→ Instructions for the task
Reproduce, exactly and only, the lines of the data that follows from the one containing "Maillot de bain" down to the one containing "NHL Red Connor", without pictures.

Captioned web image data

----

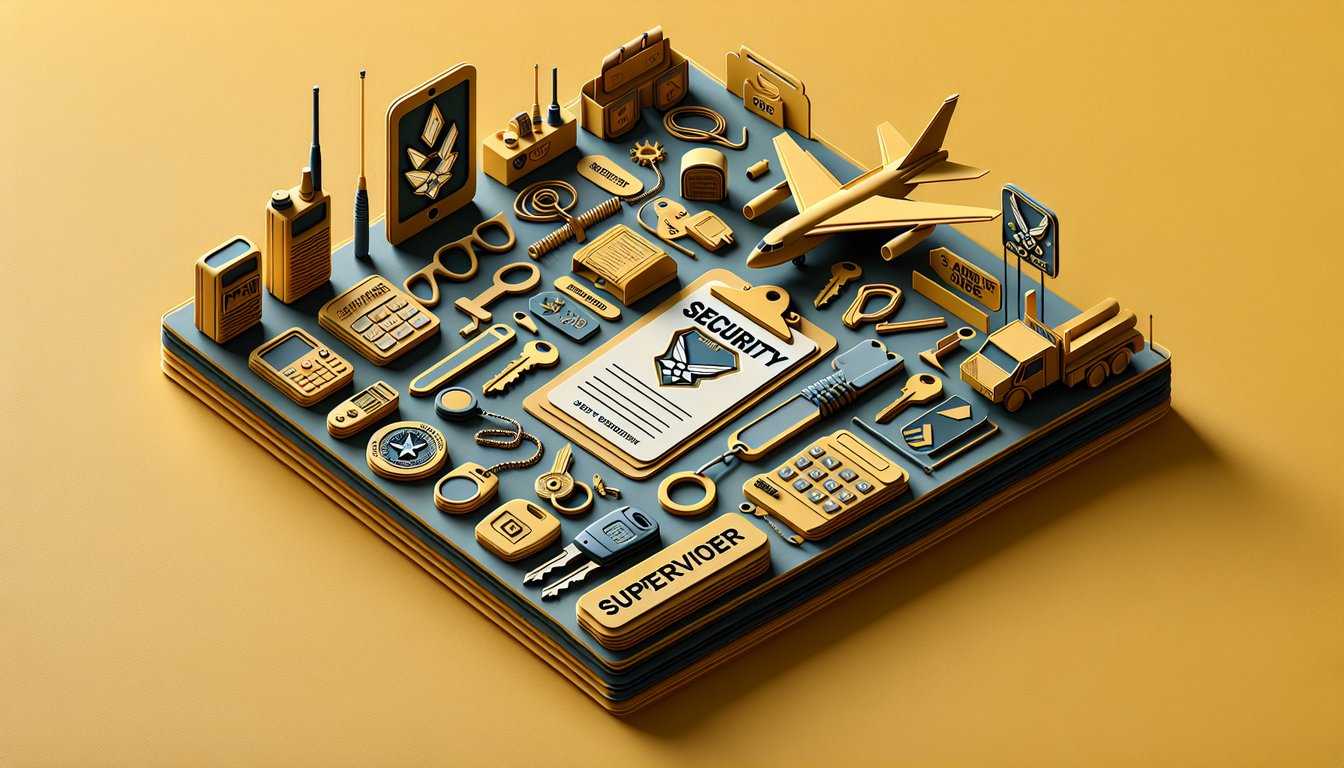 Paper art quiz layout with Air Force rank insignia, shield icon, checklist, security symbols on golden yellow background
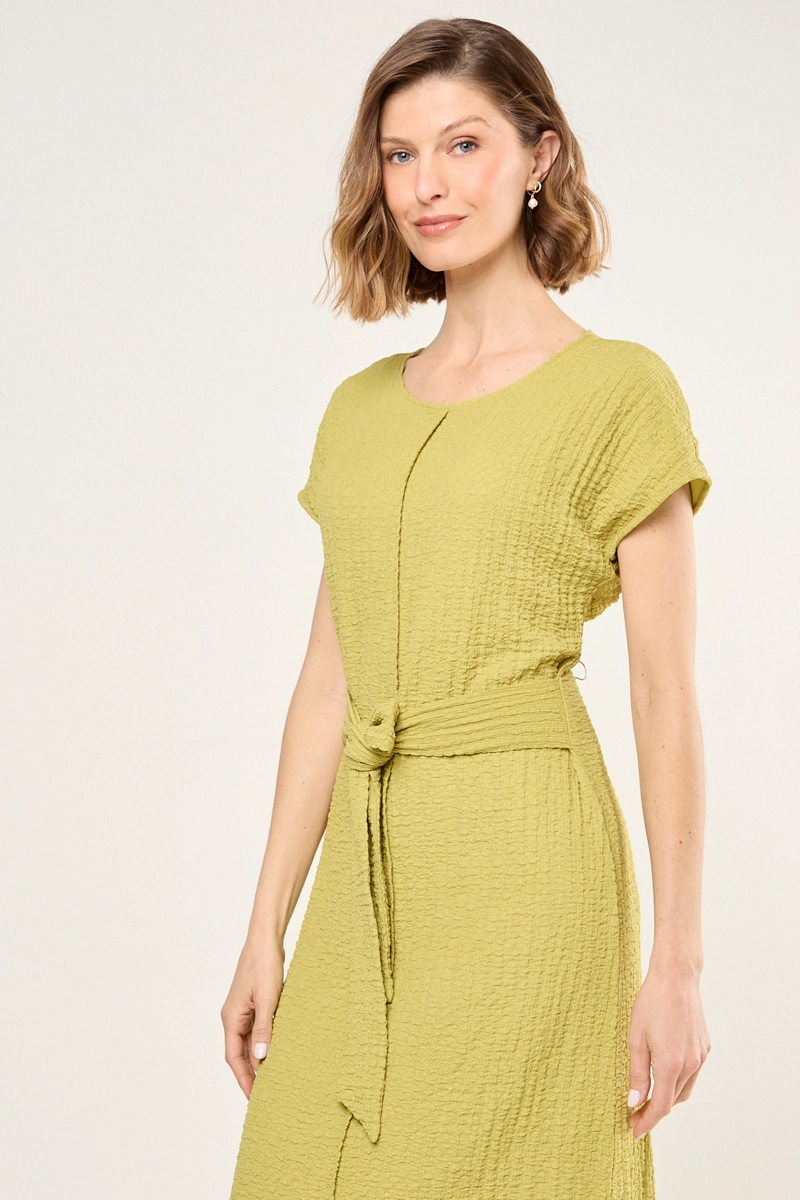 VESTIDO CON TEXTURA ARRUGADA VERDE MUJER MAGRIFFE - 3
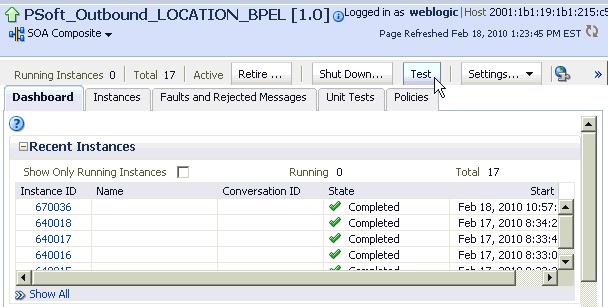 Designing an Outbound BPEL Process for Service Integration Figure 4 62 Oracle Enterprise Manager Console 3.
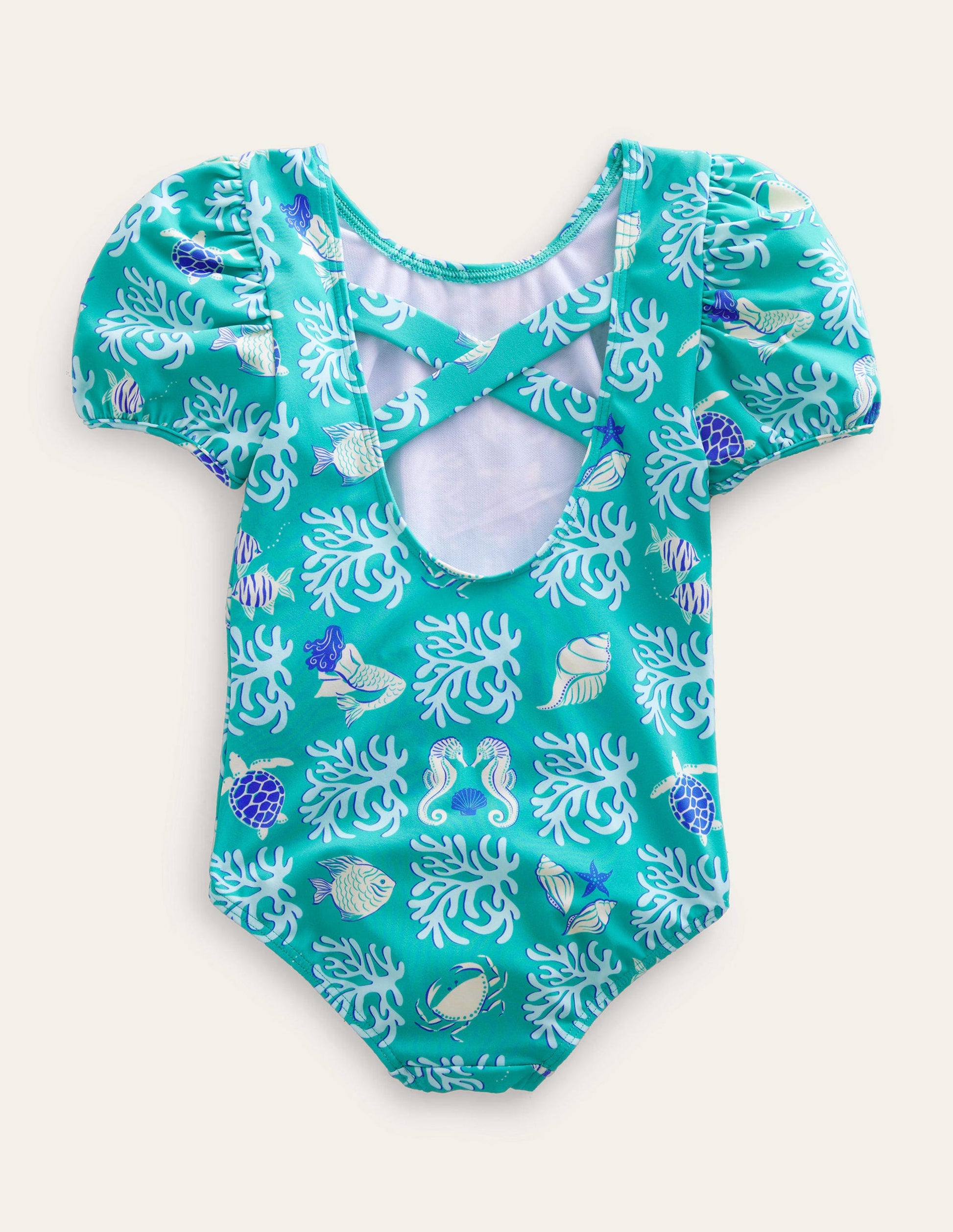 Maillot de bain imprimé à manches bouffantes-Lagon printemps tropical-2
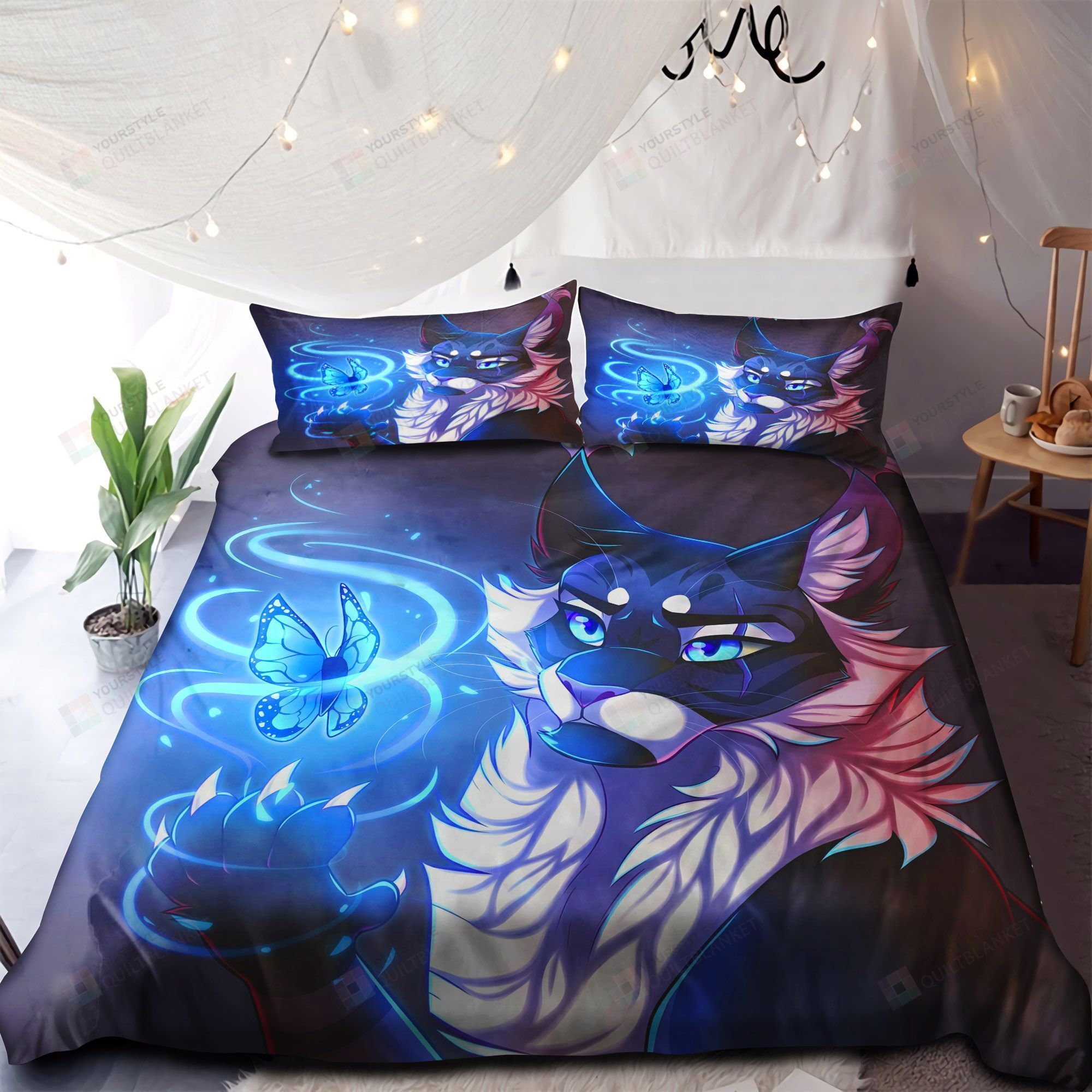 Wolf And Butterfly Bedding Set Bed Sheets Spread Comforter Duvet Cover Bedding Sets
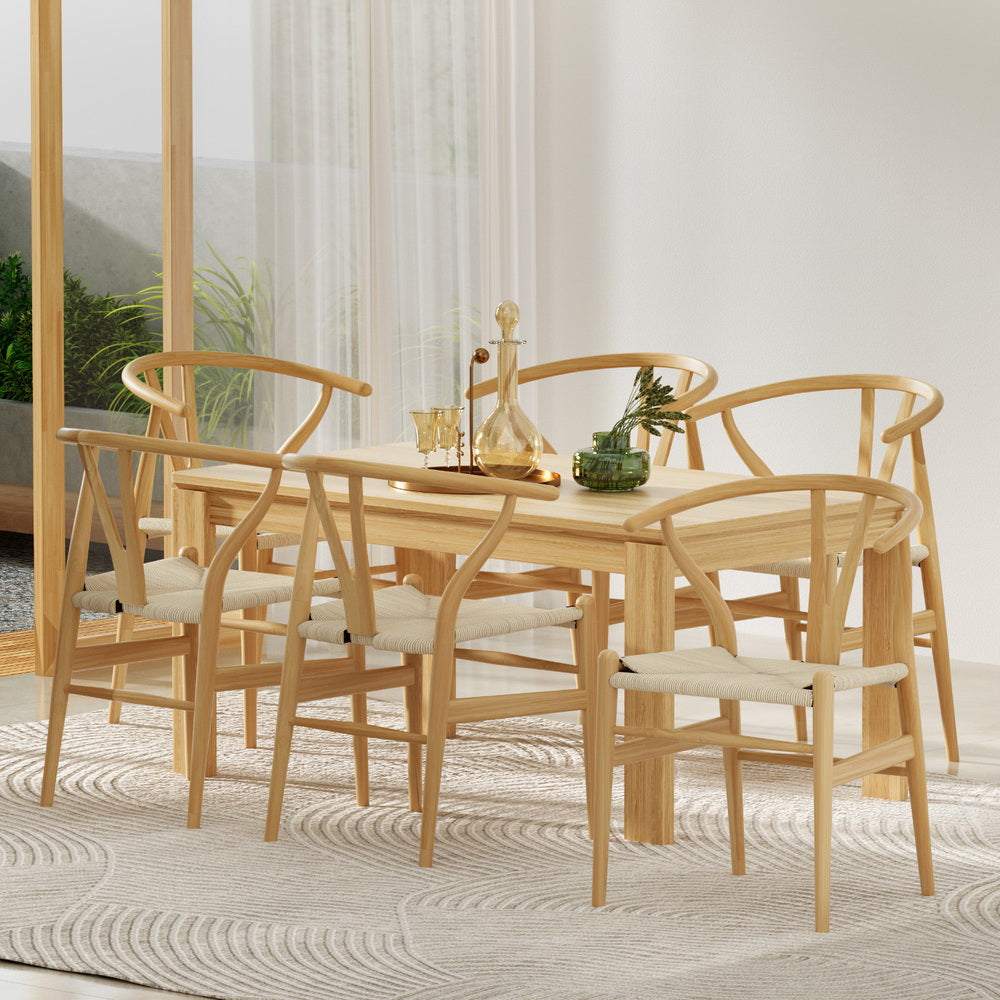 Set of 6 Artiss Wishbone Dining Chairs with rubberwood frame and rattan seat, featuring ergonomic wishbone back design.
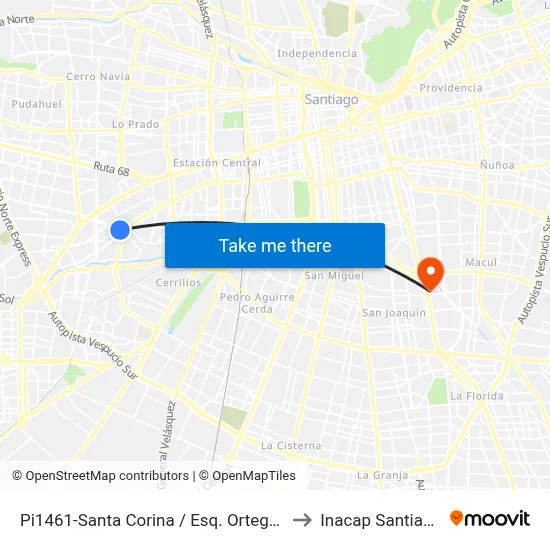 Pi1461-Santa Corina / Esq. Ortega Y Gasset to Inacap Santiago Sur map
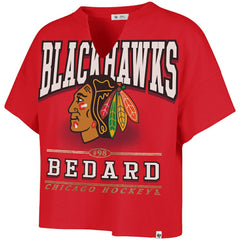 NHL Red Connor Bedard Chicago Blackhawks '47 Women's Elation Name & Number Oversized Notch Neck T-Shirt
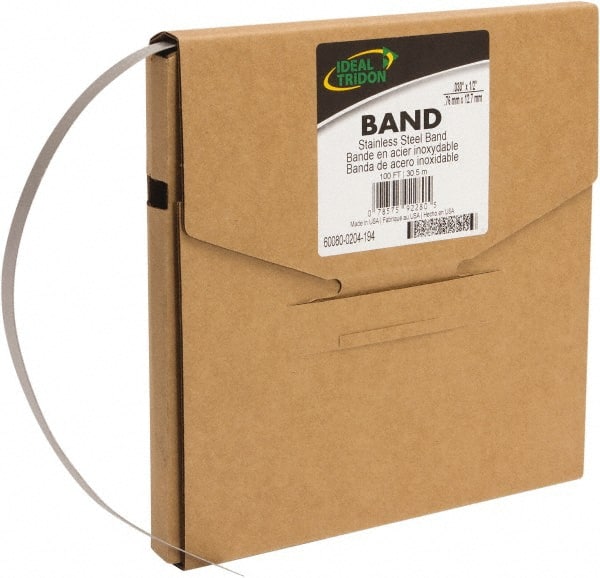IDEAL TRIDON - Stainless Steel Banding Strap Roll - 1/2" Wide x 0.02" Thick - Exact Tooling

----

→ Expected answer
 Maillot de bain imprimé à manches bouffantes-Lagon printemps tropical-2
 Wolf And Butterfly Bedding Set Bed Sheets Spread Comforter Duvet Cover Bedding Sets
 Set of 6 Artiss Wishbone Dining Chairs with rubberwood frame and rattan seat, featuring ergonomic wishbone back design.
 Pi1461-Santa Corina / Esq. Ortega Y Gasset to Inacap Santiago Sur map
 NHL Red Connor Bedard Chicago Blackhawks '47 Women's Elation Name & Number Oversized Notch Neck T-Shirt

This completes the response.